And what if we are the dreams of tired gods, who can find no peace?-- anonymous
An commentary article today in the New York times is again raising the idea that we live in some kind of giant compute simulation. It's sort-of a clever but old idea, recreated frequently in highschool philosophy conversations and reflected in movies like The Thirteenth Floor and The Matrix from 1999, Inception, and the terminal credits of Men in black. Wikipedia has a more through documentation. It's a shallow philosophical idea with roots older than Descarte's consideration of the difference between reality and a dream. It doesn't really get us very far, in my opinion because it is imposing on us an infinite recursion of worlds without any real insight into the nature of those worlds.
But it keeps getting attention these days because some selfish people keep connecting it to the idea that the mathematics of simulations is somehow revealing some deep truth about the universe. There was an interview with Max Tegmark arguing that the ability of mathematics to explain the universe implies that somehow the universe IS an equation. NOVA's The elegant universe played on this idea. And you can trace things right back past Keats' Ode to a grecian urn with the illusion that beauty and truth are inseparable things.

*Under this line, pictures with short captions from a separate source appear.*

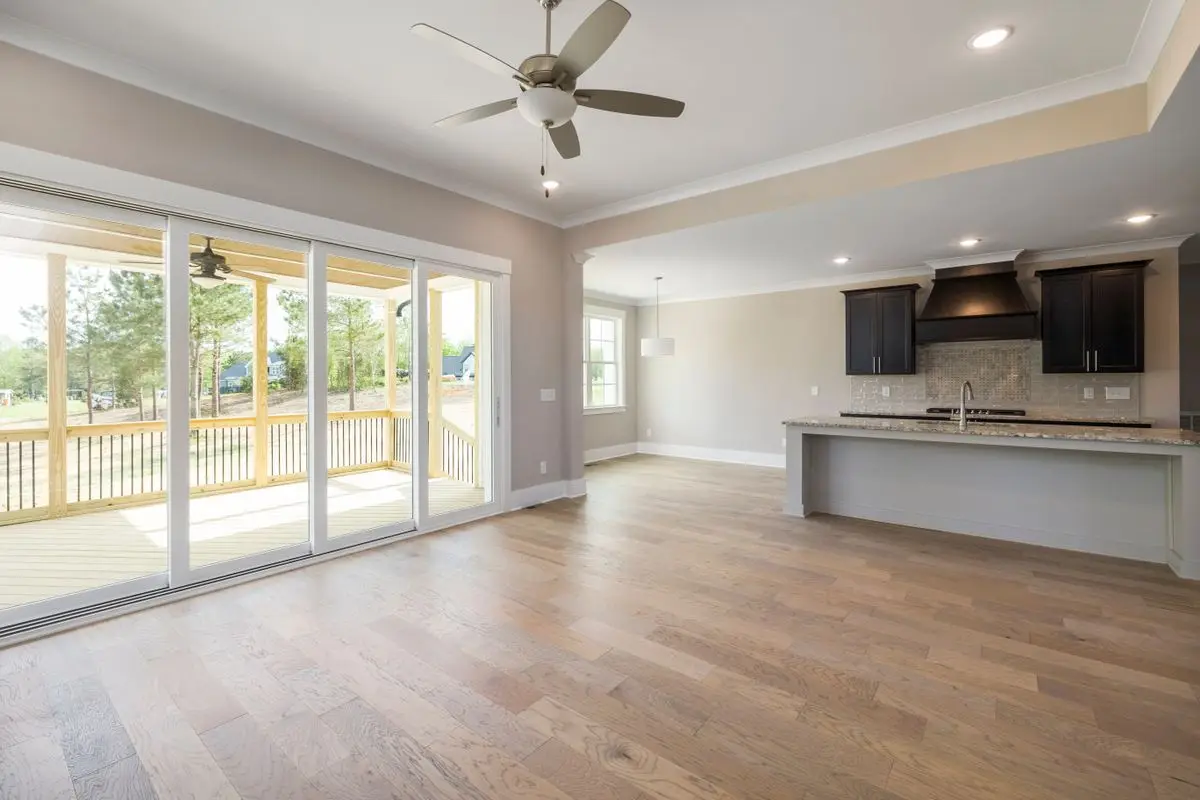 A tidy residential room. Ocala.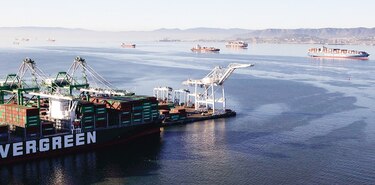 Canal de Suez sigue bloqueado por buque de bandera panameña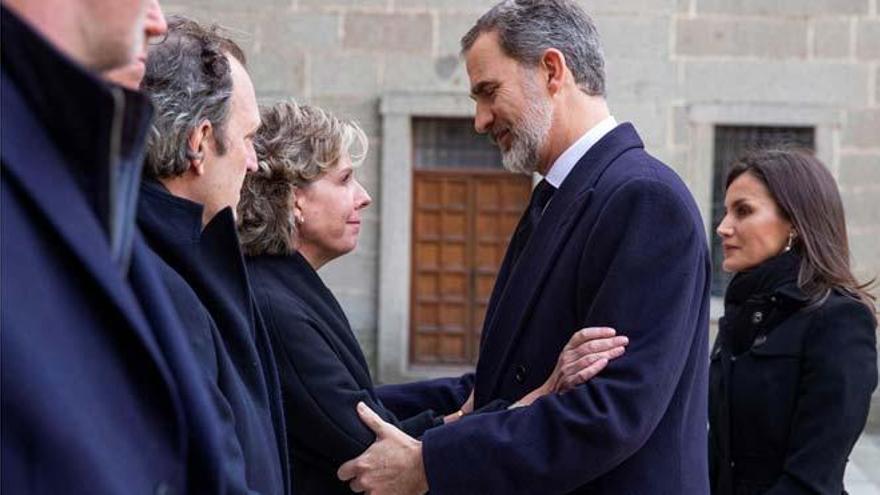 Felipe, Letizia y los Reyes eméritos asisten al funeral por Pilar de Borbón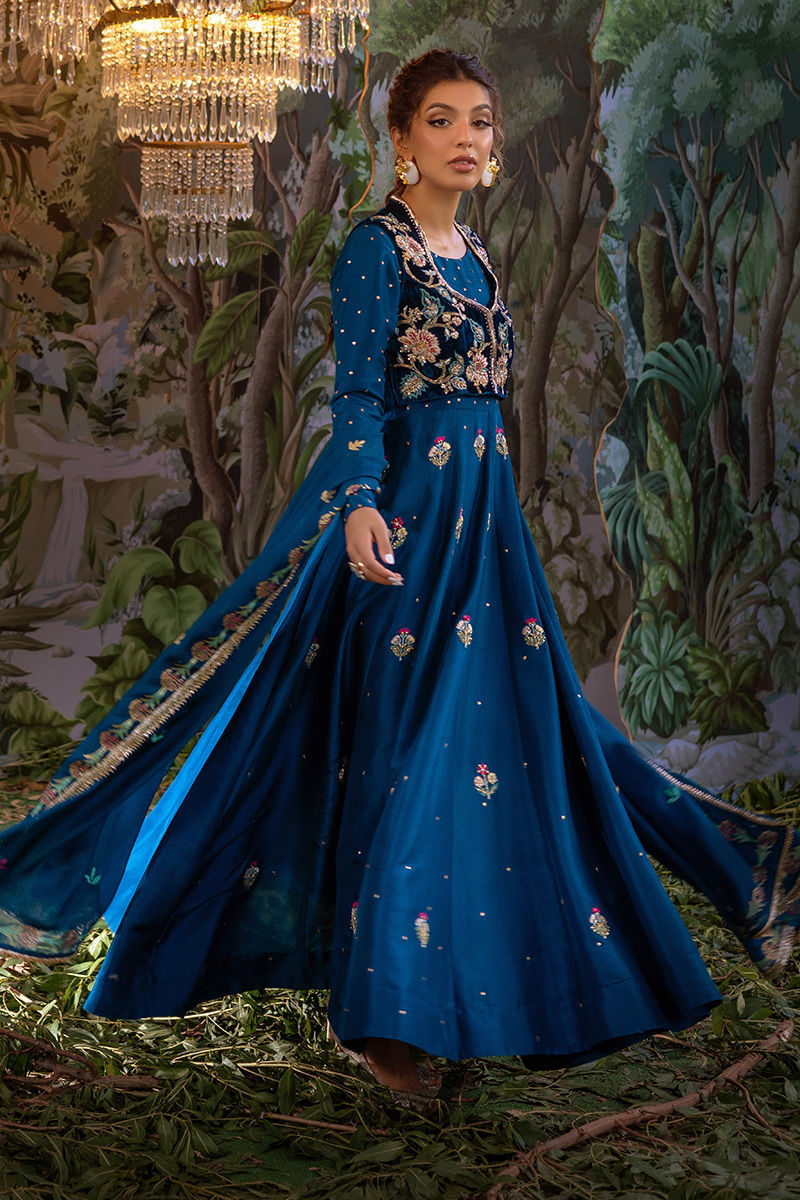 Coralie with Timeless Appeal | Ansab Jahangir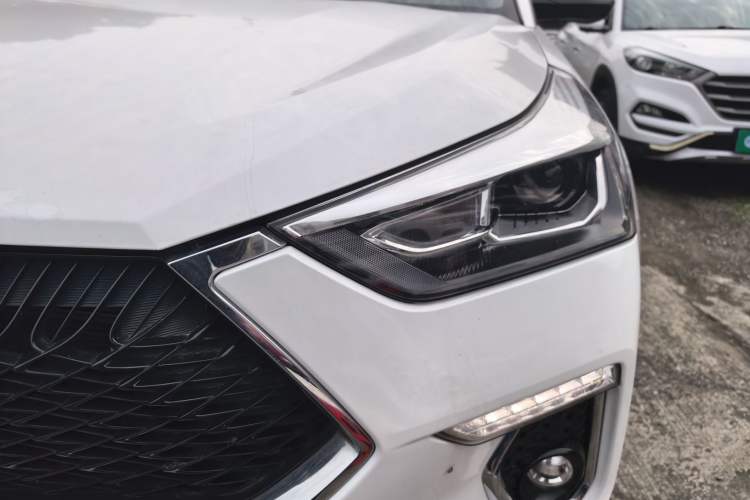 Used Haval H6 Coupe 2021 Smart Connect Version 1.5T Automatic Two-Wheel Drive Elite Model Left Front Headlight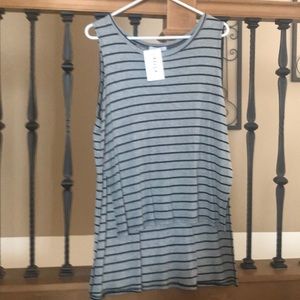 High-low tank top with side slits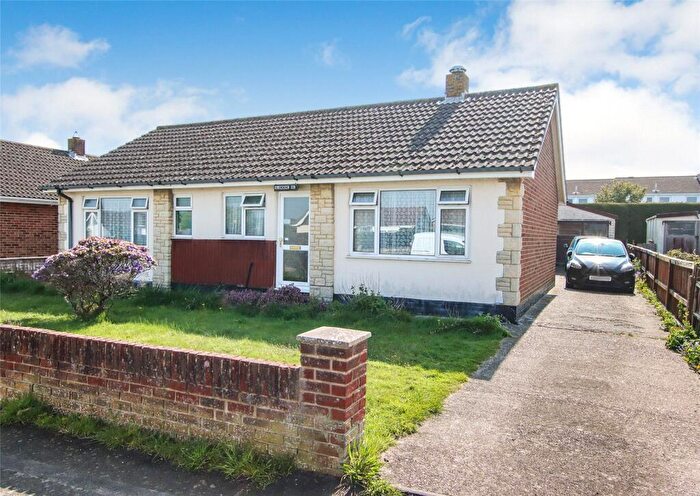 2 Bedroom Bungalow For Sale In Highfield Road, Lymington, Hampshire, SO41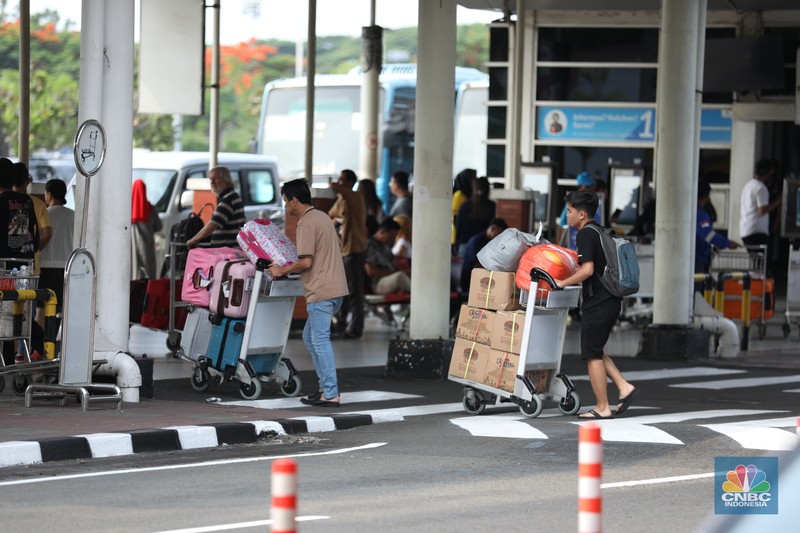 Petugas PT Angkasa Pura (AP) II (Persero) memantau pergerakan  posko terpadu pengamanan dan pelayanan bagi penumpang periode Natal 2023 dan tahun baru 2024 di Terminal 1B Bandara Soekarno-Hatta, Tangerang, Banten, Rabu (27/12/2023). (CNBC Indonesia/Tri Susilo)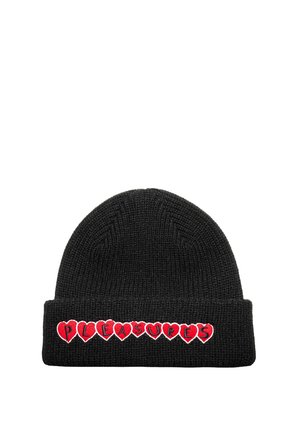 Czarna dzianinowa czapka z podwiniętym mankietem, zdobiona czerwonymi naszywkami w kształcie serc, tworzącymi słowo "PLEASURES" czarnymi literami.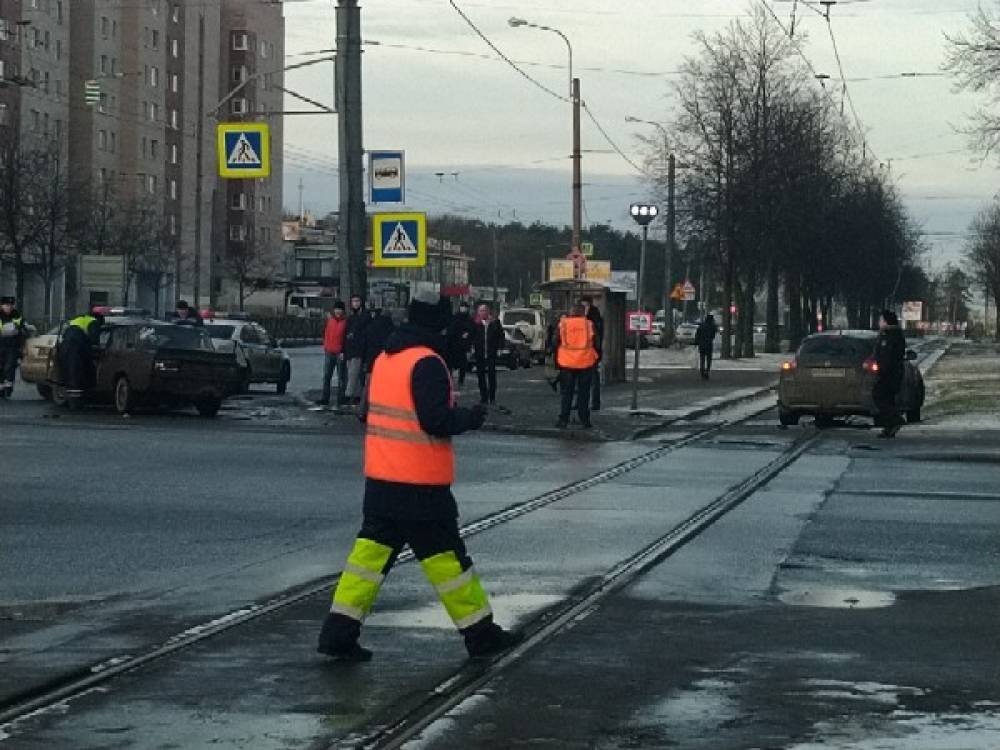 ДТП на углу Ветеранов и Пограничника Гарькавого перекрыло трамвайное движение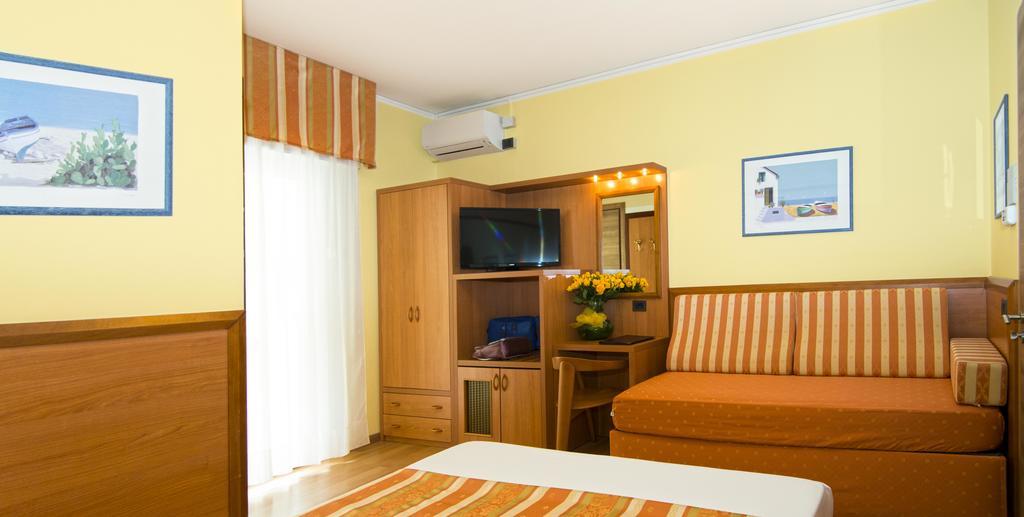 Hotel Al Prater Lignano Sabbiadoro Eksteriør billede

These types of arguments are non-sense, and abusing the general public. The universe is NOT easy to understand, and mathematics DOES NOT do a good job of explaining everything. The number of problems we can formulate and solve with mathematics is miniscule compared the the questions we would like to answer. Great scientists like Newton and Kepler spent large parts of their lives trying to reconcile the universe to their own personal ideas of beauty, and failing. The standard model of particle physics is an ugly unsatisfying model, but the best we've got. What's going on is a selection bias -- we tend to focus on those things we know how to talk about -- those things that can be encapsulated in our languages of which math is the most universal. And when we ignore these other complicated things, it becomes easy to begin to confound theories with realities.